• **Task**
Write out the listing below in its entirety, minus the pictures, without changing a word.

---------- Data

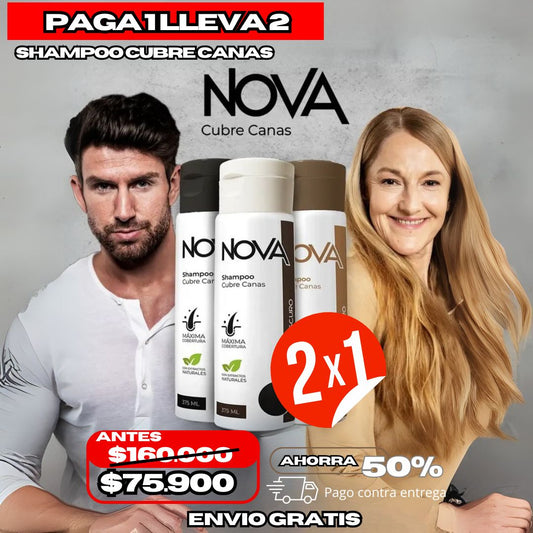 Nova Shampoo Cubre Canas - PAGA 1 LLEVA 2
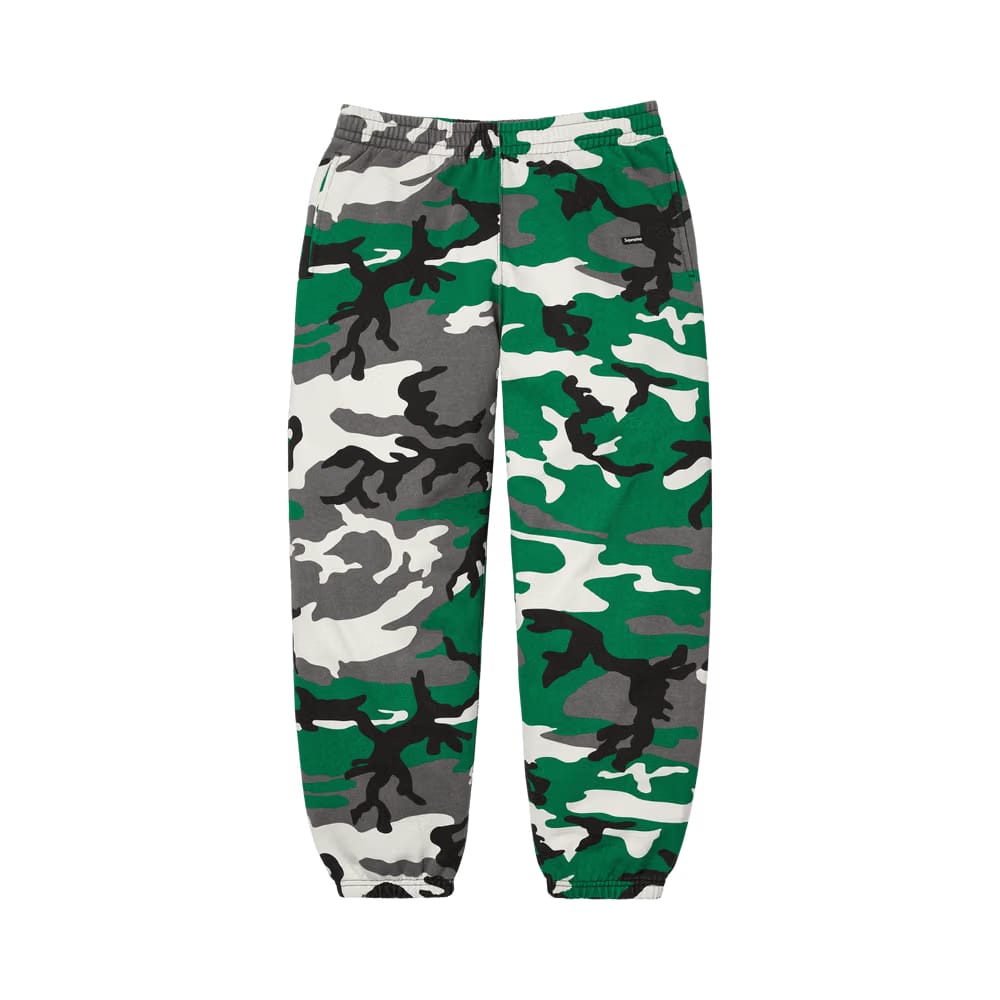 Supreme Small Box Sweatpant Green Camo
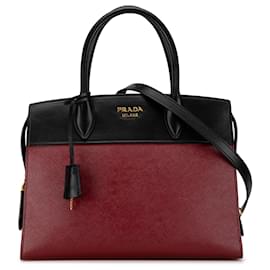 Prada-Prada Red Saffiano Lux Esplanade Tote-Red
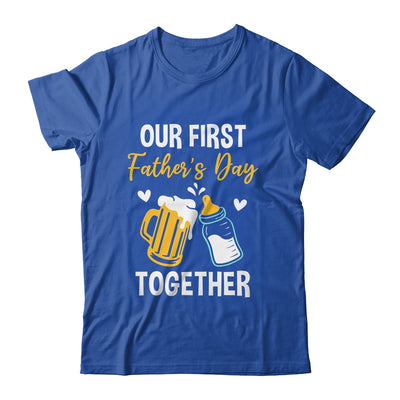 Funny Dad And Son Our First Fathers Day Together 2024 Papa Shirt & Hoodie | siriusteestore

--------------------

• **Response**
 Nova Shampoo Cubre Canas - PAGA 1 LLEVA 2
 Supreme Small Box Sweatpant Green Camo
 Prada-Prada Red Saffiano Lux Esplanade Tote-Red
 Funny Dad And Son Our First Fathers Day Together 2024 Papa Shirt & Hoodie | siriusteestore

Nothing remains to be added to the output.